Yah, I re-watched that part of the presentation. You can infer a lot because he mentions power left over being used for convolution reverb, and his focus on positioning rather than simulation of the environment. If you go back to the Steam Audio description, they do HRTF on the cpu because it's the cheaper of the two calculations between HRTF and convolution. You don't have that luxury on a console. 4 RX480 CUs can handle about 80 convolution sources. A PS5 CU is less than 2 RX480 CUs in terms of computational power. You'd need well over a 100% efficiency gain to match the 4 RX480 CUs, which might very well be possible, but then you're still at 80 convolution sources and you've already spent a portion of the processing power on the HRTF functions. So I think large scale physical simulation of the materials and the spaciousness of the environment are probably not in the cards for this console gen.
 
I don't know if they are talking about the same algorithms. Cerny mentioned the same compute power allows PSVR to render five thousands sound sources. They want to use the same power to simulate fewer (hundreds), more complicated sources.
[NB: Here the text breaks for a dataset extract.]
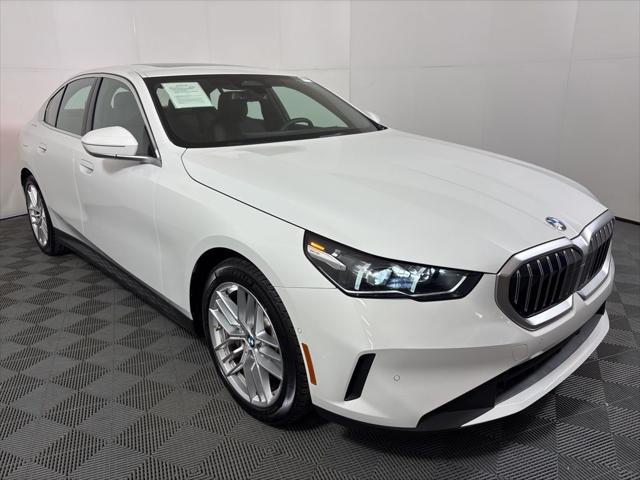 used 2024 BMW 530 car, priced at $52,260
He also mentioned Ambisonics. I suspect we will get an audio article like in PS3 when the console is launched.
 
According to Cerny’s presentation, Tempest has equivalent computation power as all 8 Jag cores on PS4, so about 100 GFLOPs.
The Tempest Engine is described as having two wavefronts, one for 3D audio and the system, and another for the game. That second wavefront looks to be the "other" use case for the CU. Contending for throughput with 3D audio would give a fraction of the 100 GFLOPS for developer use, and in terms of throughput it's modest versus the Zen 2 cores and a rounding error next to the GPU.
So what would the other wavefront offer to developers, and what use cases could they find for that limited throughput that would justify the additional effort?
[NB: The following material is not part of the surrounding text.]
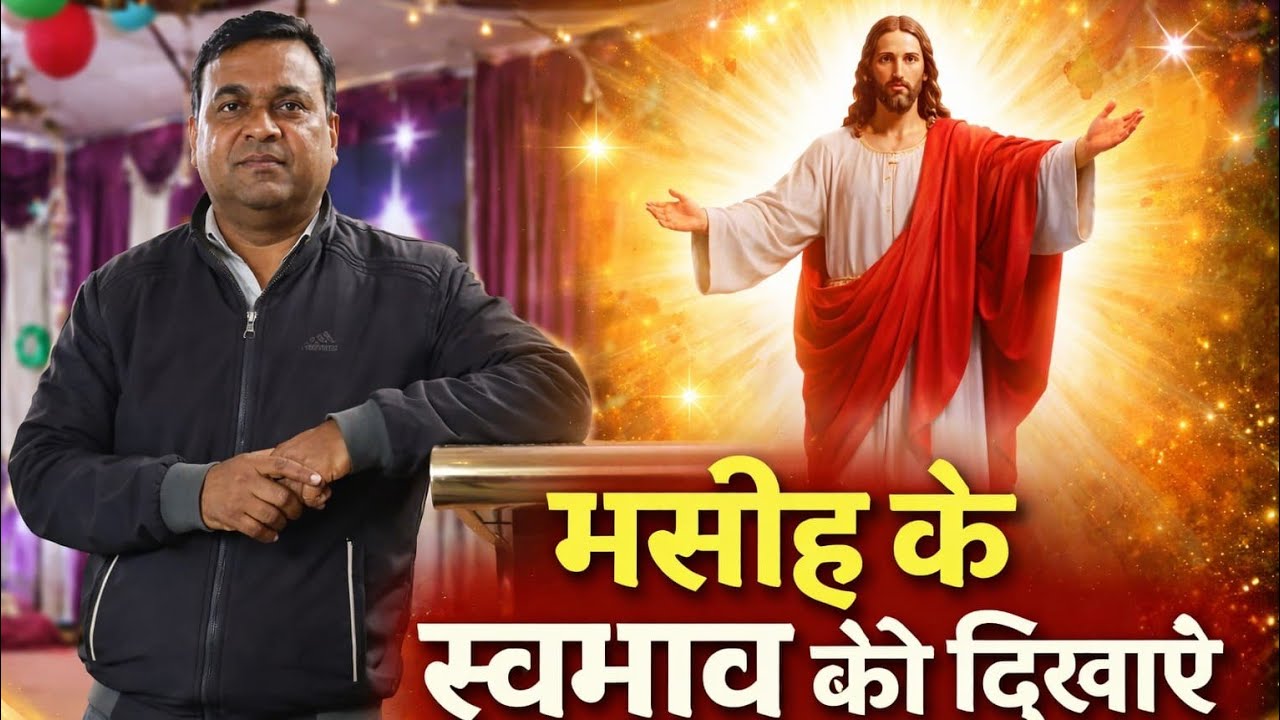 Masih ke swabhav ko dikhaye#Call  926 850 4536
It borrows SPU’s features and is specialized for *3D audio*, which brings up the latency question. How bad is TrueAudio and True Audio Next's latency ?
No clear specification was given. It should be better, and there was one graph in relation to Steam audio that gave a ms budget--but it wasn't clear if that was the round-trip time for command submission to kernel completion, or just the kernel execution time.
Sony's HSA audio presentation in 2013 indicated an ambition for a very responsive audio pipeline with sub-5ms or faster overall latency. Depending on the implementation for Tempest, there could be ways in which it can improve upon TruAudio in terms of latency, though some elements that were mentioned in 2013 that may not be well-addressed.
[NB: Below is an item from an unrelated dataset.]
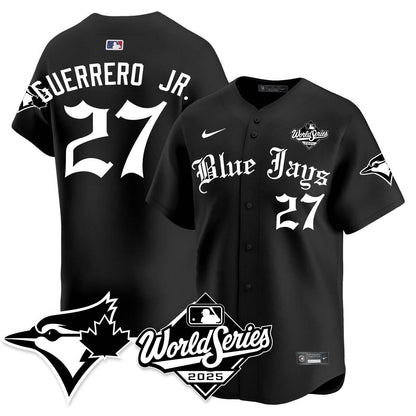 TOR Gothic 2025 World Series Jersey - All Stitched
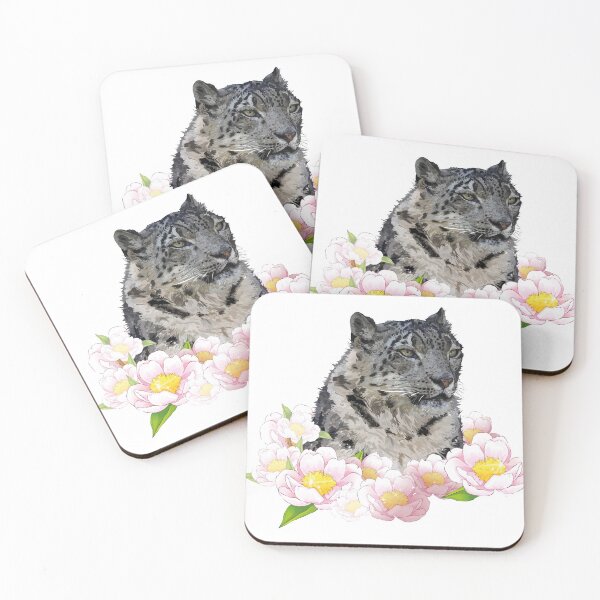 Item preview, Snow Leopard designed and sold by obscurite.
So Sony might have deployed a multi-pronged solution for PS5 game audio. The stack can run on CPU, GPU, and Tempest based on needs.
There were challenges to a pipeline running on all three components, which the PS5 disclosures have not given enough detail to know if they were resolved.
 
The Tempest Engine is described as having two wavefronts, one for 3D audio and the system, and another for the game. That second wavefront looks to be the "other" use case for the CU. Contending for throughput with 3D audio would give a fraction of the 100 GFLOPS for developer use, and in terms of throughput it's modest versus the Zen 2 cores and a rounding error next to the GPU.
So what would the other wavefront offer to developers, and what use cases could they find for that limited throughput that would justify the additional effort?

It doesn’t sound like Cerny is separating the use cases that way.

To keep utilization close to 100%, once loaded, the CU will need to keep running the same program on new sets of data.
Perhaps the 2 wavefronts correspond to the double buffering technique commonly used in SPUs ? (i.e., They would be working on different section of data for the same job)

I have no clue where this program sits (command queue or otherwise ?), how long/big it is, and whether developers can load/switch to a different program quickly.
 
So HRTF transforms are basically FFTs, same as convolution reverb just with incredibly short impulse response times. Convolution reverb you could have 1s to 2s impulse responses, where HRTF would be milliseconds. That's why the HRTF is so much faster to calculate. I'm wondering what the impact of short impulse responses would be on TrueAudio Next vs Sony's Tempest.
 
So HRTF transforms are basically FFTs, same as convolution reverb just with incredibly short impulse response times. Convolution reverb you could have 1s to 2s impulse responses, where HRTF would be milliseconds. That's why the HRTF is so much faster to calculate. I'm wondering what the impact of short impulse responses would be on TrueAudio Next vs Sony's Tempest.

He mentioned recalculate every sound source per audio tick, presumably tied to the audio sampling rate ?
 
Last edited:
It doesn’t sound like Cerny is separating the use cases that way.

To keep utilization close to 100%, once loaded, the CU will need to keep running the same program on new sets of data.
Perhaps the 2 wavefronts correspond to the double buffering technique commonly used in SPUs ? (i.e., They would be working on different section of data for the same job)

I have no clue where this program sits (command queue or otherwise ?), how long/big it is, and whether developers can load/switch to a different program quickly.
From the most recent article, Cerny is quoted assigning different functions for the two wavefronts.
https://www.eurogamer.net/articles/digitalfoundry-2020-playstation-5-the-mark-cerny-tech-deep-dive

"GPUs process hundreds or even thousands of wavefronts; the Tempest engine supports two," explains Mark Cerny. "One wavefront is for the 3D audio and other system functionality, and one is for the game ...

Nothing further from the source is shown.